Here are some things I think I am thinking about:
1) Shrinkage in the markets! There has been a lot of chatter lately about the shrinking of the public markets. This NY Times piece says the shrinkage is a problem for everyone. It cites this excellent NBER piece by people much smarter than me. Long story short, there used to be 8,000+ public firms and now there are just 4,000+ and so the world is about to go kaboom (or something like that).
It’s true, No one likes shrinkage. But shrinkage is perfectly natural. In this case, I actually think the shrinkage is a good thing. Let me explain.
I do this thing sometimes where I trick my brain.¹ I believe that people always want to look at the world and find problems. We’re just hard-wired to do that. For instance, we believe the stock market is usually wrong or politicians are usually wrong or the world is usually worse than it used to be. This might all be true, but what I try to do now is ask myself “what if this thing is precisely right for this moment in time?” It’s kind of an extreme efficient market and rational expectations trick that I play on my own brain. It’s not a nice thing to do to your own brain because it’s almost certainly wrong to some degree. After all, the efficient market hypothesis is pretty lame and I don’t know how it’s a thing. But it gets you to think outside the box at times.
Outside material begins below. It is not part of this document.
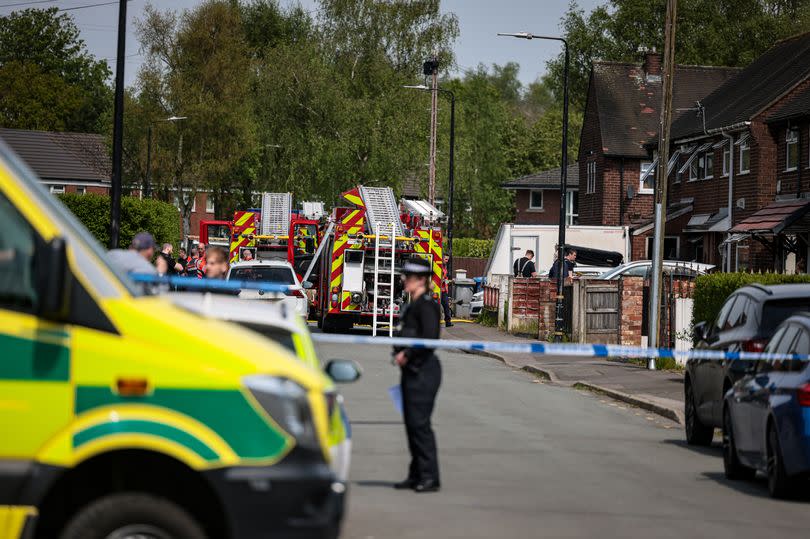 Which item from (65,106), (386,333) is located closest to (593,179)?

Anyhow, while I was tricking my brain into this view I realized that maybe the size of the public market is precisely right. Maybe, just maybe, it was all wrong back in the 90s. Maybe that market was a bloated pig with way too many small and low-quality firms that never should have gone public in the first place. And the data would seem to support this view. The decline is mainly the result of micro-cap firms disappearing. In other words, they never got big enough to sustain themselves as public firms. In other, other words, the public market never should have been 8,000+ firms because there weren’t 8,000+ firms deserving of being public.